The Cleveland Cavaliers rested LeBron James, Kyrie Irving, and Kevin Love on Saturday against the Los Angeles Clippers. It was a big, national TV game, so not having Cleveland’s most important players drew the ire of both the league office and Hall of Fame forward Karl Malone.
But it also triggered an important discussion about NBA scheduling that Clippers coach Doc Rivers weighed in on after LA beat the Cavaliers, 108-78.
Speaking to ESPN, Rivers said the schedule needs to be worked out to benefit a reduced workload for players while maintaining the overall product for fans.
“We have to protect our product,” Rivers said. “It’s hard. It’s impossible, if you actually knew what went into scheduling, but the look of back-to-back ABC national games — it’s not good.”
“I hate it for the fans,” Rivers said. “I really do. I hate it. I do it. We all do it. I mean, it’s bad. And I did it the other night in Denver. There are people with Blake and DJ jerseys all over the place.”
The discussion could go off the rails, but really what we’re talking about here is the ability of the NBA to keep fans interested in big, primetime regular season games while still allowing teams to chase the ultimate goal of a championship.
Fans want to see their teams win, and they want to see their teams in person. They shouldn’t have to choose between the two. But it’s become increasingly common in the past few seasons for star players to get rest during the season, and during critical games. What was once thought of as a quaint characteristic of the San Antonio Spurs has now become part of a winning strategy for top teams.
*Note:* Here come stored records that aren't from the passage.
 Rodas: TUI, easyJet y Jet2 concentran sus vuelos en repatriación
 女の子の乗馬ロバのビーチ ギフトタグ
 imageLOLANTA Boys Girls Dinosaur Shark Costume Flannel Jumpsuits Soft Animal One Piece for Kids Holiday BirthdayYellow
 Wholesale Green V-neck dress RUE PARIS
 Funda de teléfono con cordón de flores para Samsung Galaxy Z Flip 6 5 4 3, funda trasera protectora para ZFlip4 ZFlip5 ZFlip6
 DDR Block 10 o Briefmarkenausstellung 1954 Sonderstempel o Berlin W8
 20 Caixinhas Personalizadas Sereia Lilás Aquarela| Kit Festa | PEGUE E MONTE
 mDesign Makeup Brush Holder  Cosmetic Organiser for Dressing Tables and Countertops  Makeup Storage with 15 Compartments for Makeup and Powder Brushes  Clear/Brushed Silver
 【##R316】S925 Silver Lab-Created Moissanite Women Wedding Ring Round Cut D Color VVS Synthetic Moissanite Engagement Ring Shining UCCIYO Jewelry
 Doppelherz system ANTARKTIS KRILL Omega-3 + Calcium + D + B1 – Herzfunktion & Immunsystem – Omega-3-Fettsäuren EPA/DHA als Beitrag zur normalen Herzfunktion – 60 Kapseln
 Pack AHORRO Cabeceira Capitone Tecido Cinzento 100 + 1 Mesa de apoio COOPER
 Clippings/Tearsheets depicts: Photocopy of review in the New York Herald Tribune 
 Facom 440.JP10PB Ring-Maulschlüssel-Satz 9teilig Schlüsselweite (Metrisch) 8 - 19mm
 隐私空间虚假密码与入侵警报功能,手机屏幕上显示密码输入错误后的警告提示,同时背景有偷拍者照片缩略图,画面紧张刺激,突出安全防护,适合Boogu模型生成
Rivers said he thinks they should eliminate some of the scheduling around how primetime games are handled, “I think we have to treat those games like they’re afternoon games and you don’t play the night before,” said Rivers. “And then you don’t play the next night after.”
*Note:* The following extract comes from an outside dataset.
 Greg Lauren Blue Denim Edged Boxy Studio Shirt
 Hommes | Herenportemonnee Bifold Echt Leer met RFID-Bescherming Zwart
That would make more sense. Malone is out of order if he thinks every player should be able to put up his iron man game log. Ironically, perhaps only LeBron in the modern era could be compared to Malone. But it would be nice for folks who spend their Saturday trying to get tickets, or who arrange a social event around watching the game, to not have to worry about whether they’re going to get a combined 35 minutes from DeAndre Liggins and James Jones instead of Kyrie and the King.